You can deduct the cost of business supplies and materials that have been “consumed and used during the tax year.” This includes such mundane concerns as copy paper, postage, paper clips, and pens. The IRS also allows deductions for books, professional instruments, and equipment, as long as they’re used within the year. You must generally recover its cost through depreciation, however, if an item’s use extends beyond one year.

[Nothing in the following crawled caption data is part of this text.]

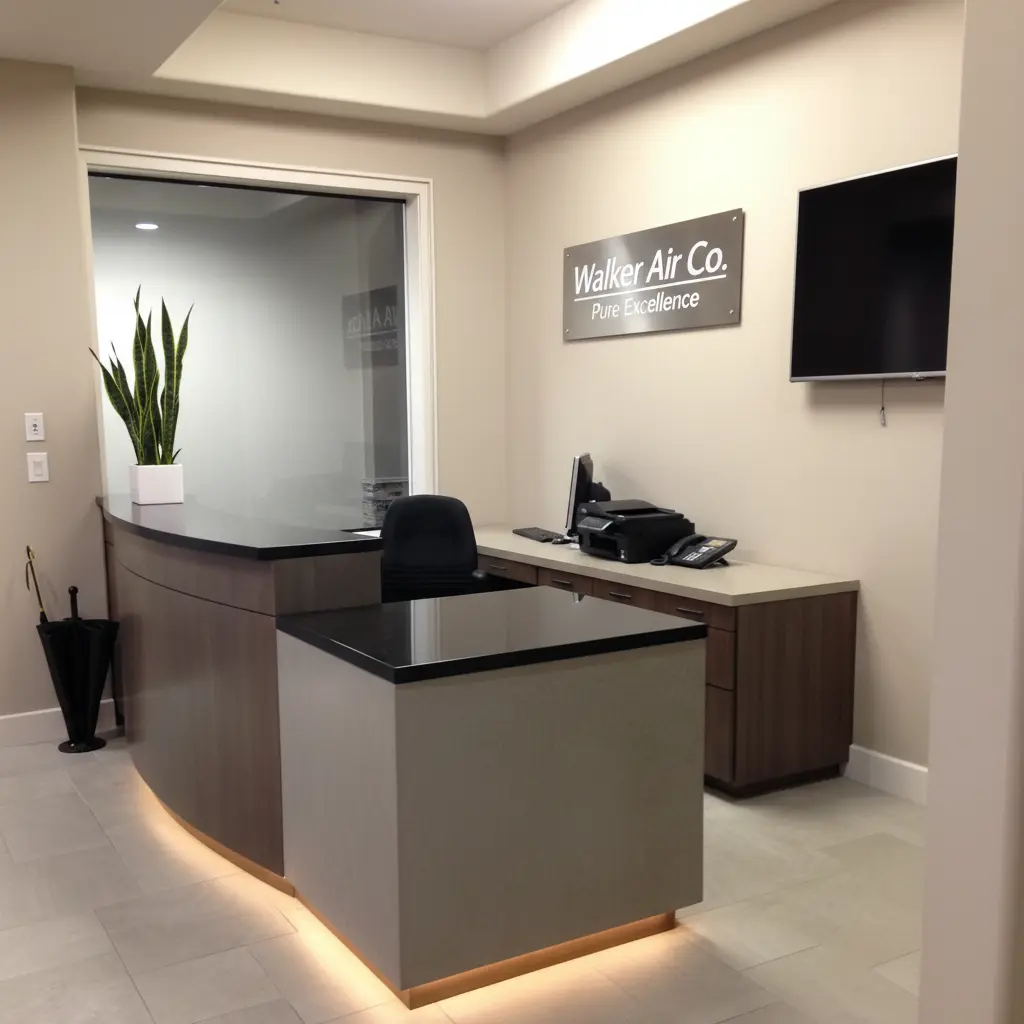 Walker Air Co. modern office reception area at 1560 Wilson Blvd, Arlington, VA with company signage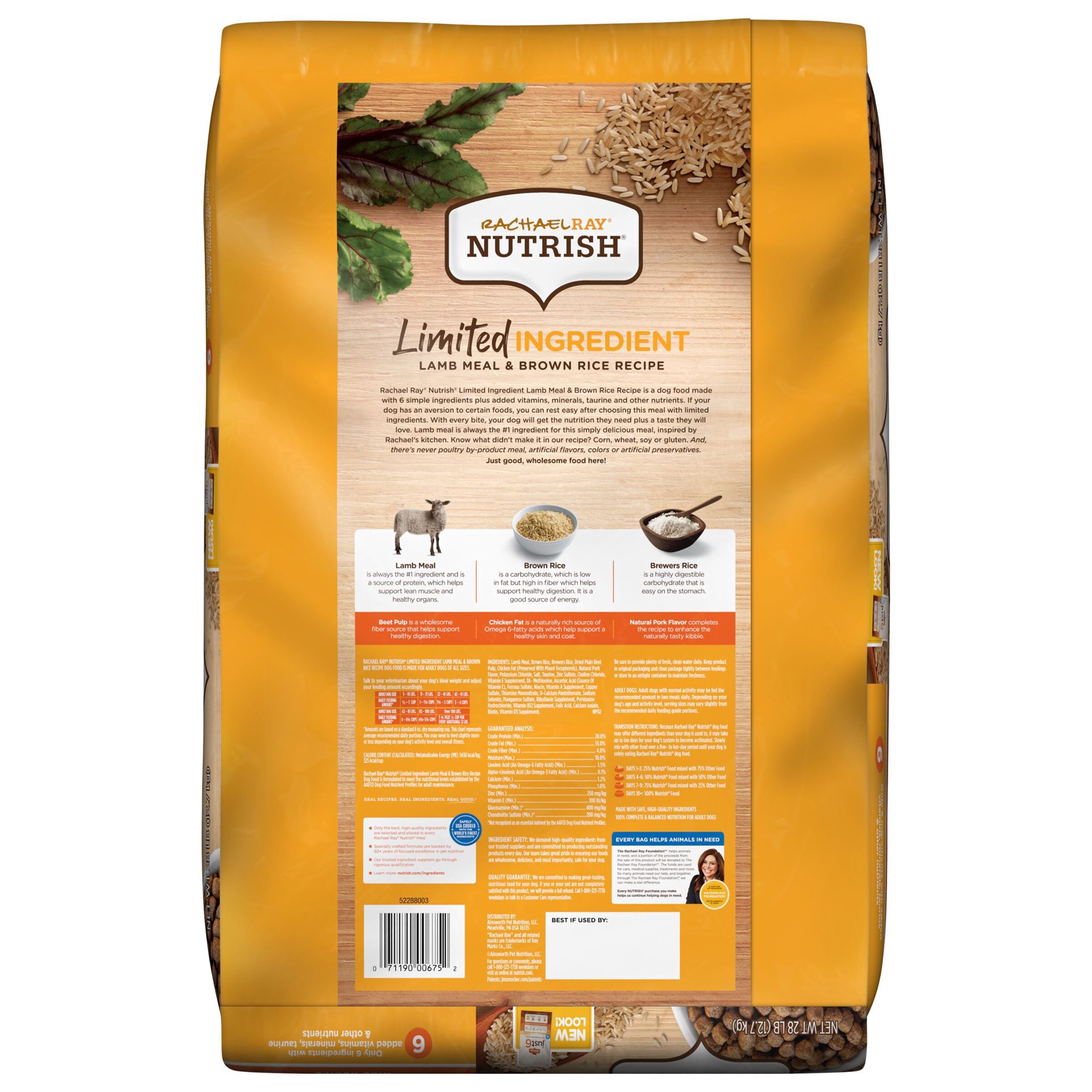 slide 10 of 18, Rachael Ray Nutrish Limited Ingredient Dog Food, Lamb Meal & Brown Rice Recipe, 28 lb. Bag, 28 lb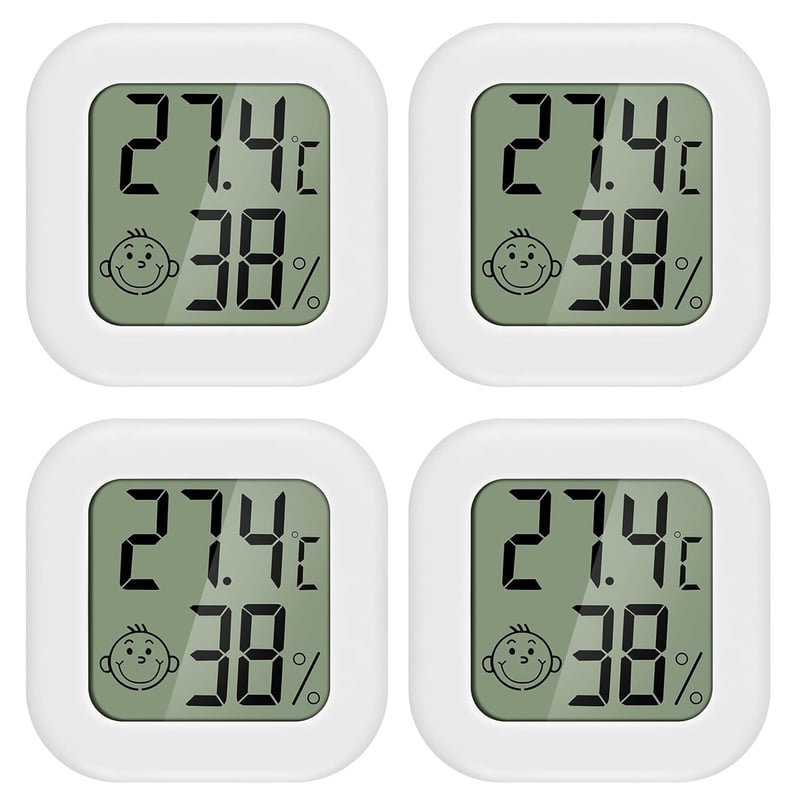4er Set Mini LCD Thermometer Hygrometer für Innenräume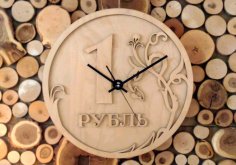 Laser Cut Ruble Wall Clock Free Vector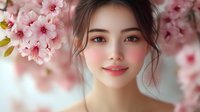 Young Asian woman with natural makeup smiling gently among blooming pink cherry blossoms, soft dreamy portrait with delicate spring mood and blurred background.
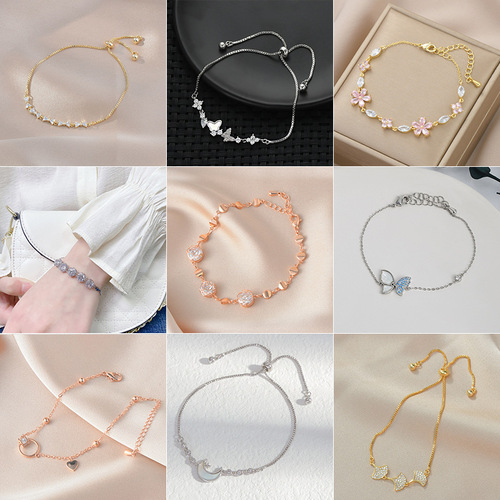 Real gold-plated Korean style fashionable pull-out bracelet for women, shell eight-pointed star small waist bracelet, micro-encrusted zircon hand jewelry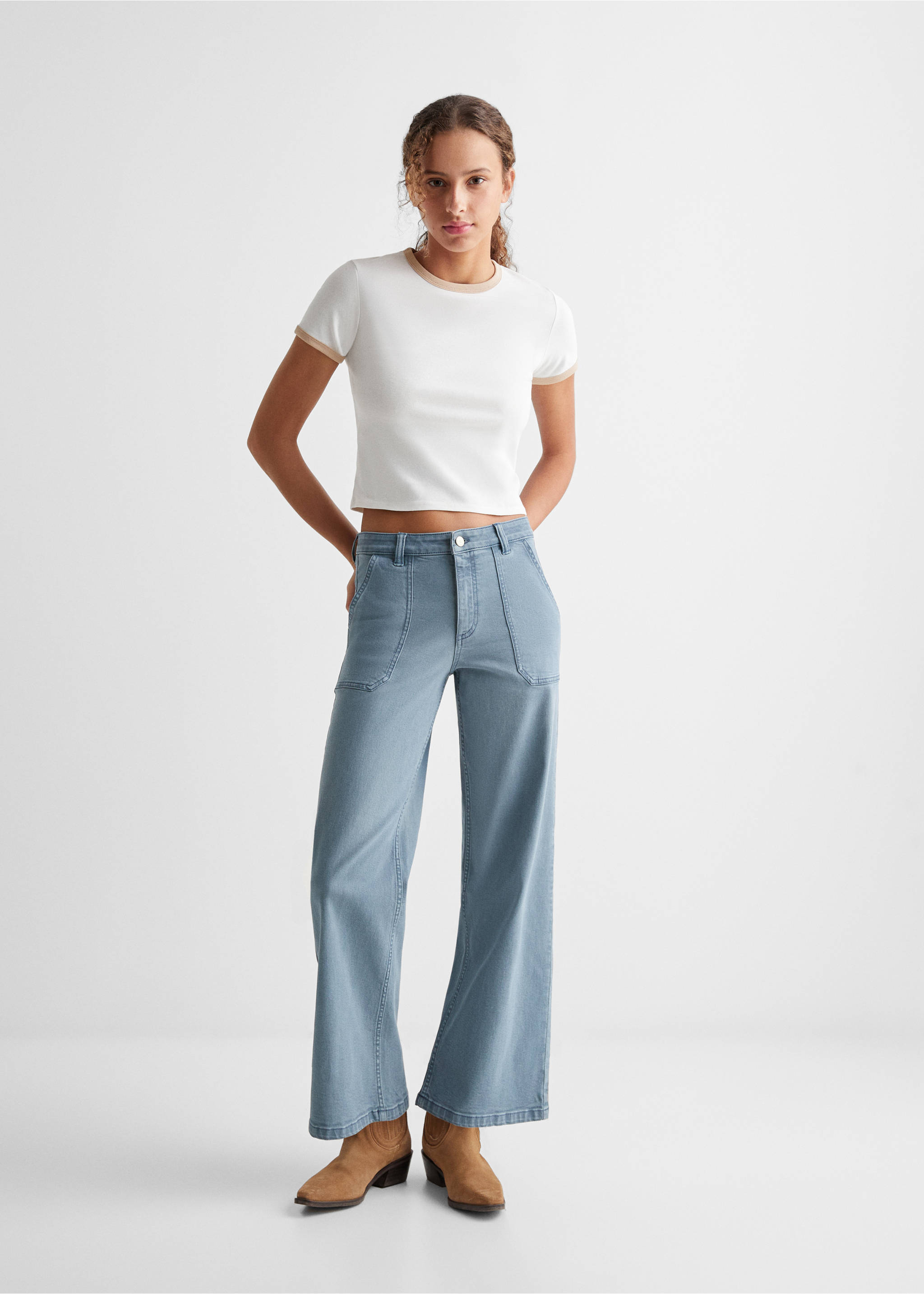 Culotte trousers with pockets - General plane, Blue. Ref: 67035143-00.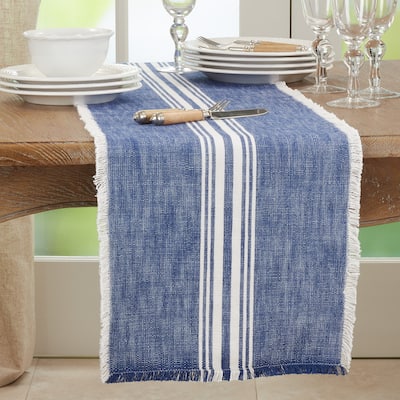 Striped Table Runner With Fringe Design - 13"x72"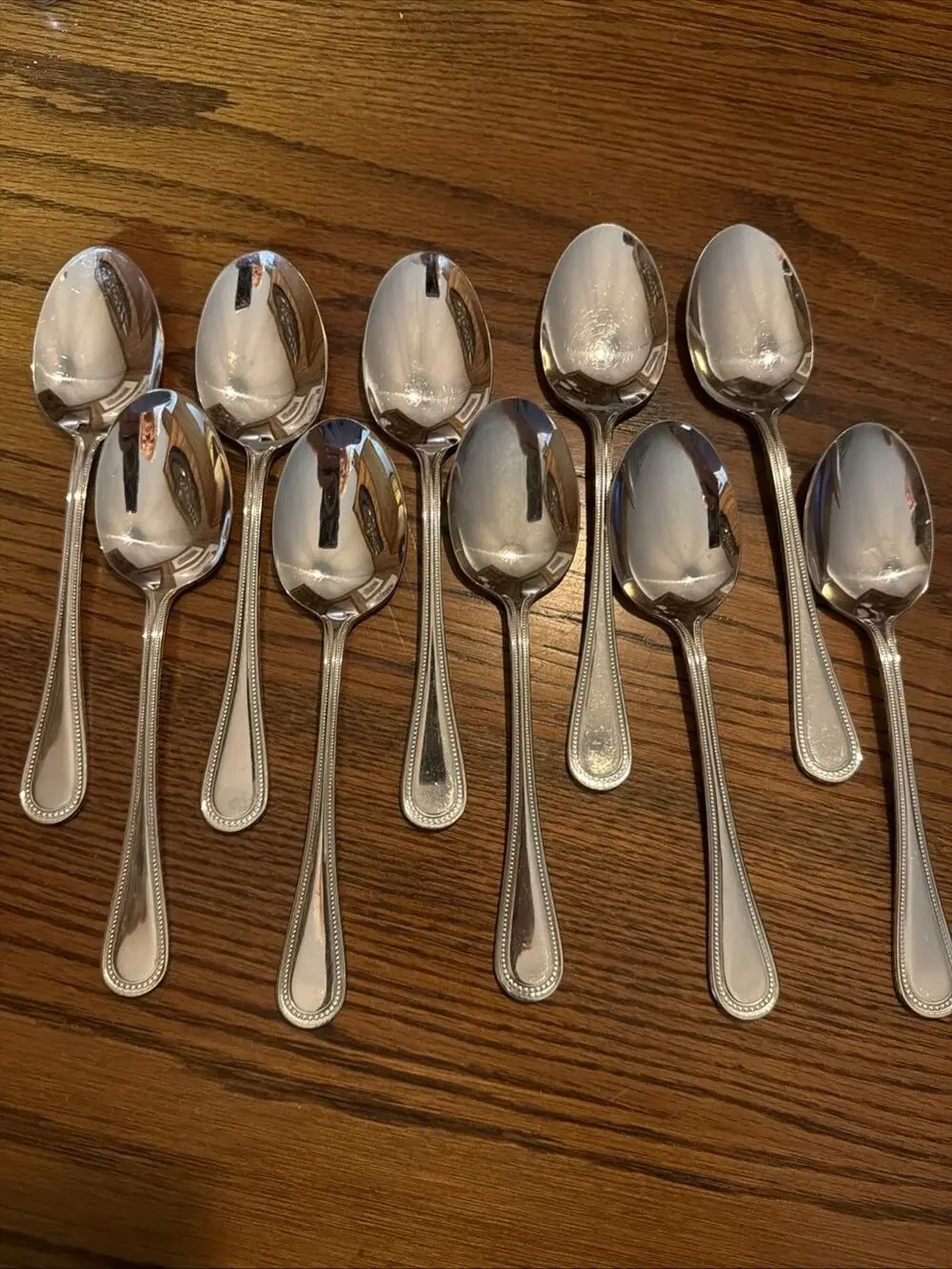 10 Soup Spoons CONTINENTAL BEAD Wallace 18/10 Stainless Replacements Tablespoon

You may still deduct the cost of certain supplies that you keep on hand on a regular basis from year to year if:

  • You don’t keep a record of when they are used.
  • You don’t take an inventory of the amount on hand at the beginning and end of the tax year.
  • This method doesn’t distort your income.

I Rent My Home. Do I Qualify for the Home Office Deduction?

Yes, you can qualify for the home office expense deduction if you meet all business use requirements. A renter can use the simplified or actual expense method based on the percentage of the home that’s dedicated to business use.

Is a C Corporation Eligible for the Qualified Business Income’—/p///’ Deduction?

No. According to the IRS, “Income earned through a C corporation or by providing services as an employee is not eligible for the deduction.” A C corporation files a Form 1120: U.S. Corporation Income Tax Return and is not eligible for the deduction.

You also can’t deduct any portion of wages paid to you by an employer that is reported on a Form W-2: Wage and Tax Statement. Independent contractors and pass-through businesses are eligible for the deduction. They report their percentage of business income on a Schedule C: Profit or Loss From Business that accompanies Form 1040: U.S. Individual Tax Return.

Which Method Is Better for My Business Vehicle: Standard Mileage or Actual Expense?

It depends on the vehicle-related expenses that you’ve incurred during the year. It may be more beneficial to use the actual expense method if you’ve spent significant money on maintenance (oil changes, brake pad replacements, new tires), car inspections, and registration.

The Bottom Line

There are more deductions available than those that are listed here, but these are some of the biggest ones. Credit card processing fees, tax preparation fees, and repairs and maintenance for business property and equipment are also deductible. Other business expenses can be depreciated or amortized. You can deduct a small amount of the cost each year over several years.

Ask yourself, “Is this an ordinary and necessary expense in my line of work?” if you’re ever unsure whether a cost is a legitimate business expense. This is the same question the IRS will ask when examining your deductions if you’re audited. Don’t take the deduction if the answer is no. Seek professional help with your business tax return from a certified public accountant (CPA) or other credentialed tax preparer if you’re unsure.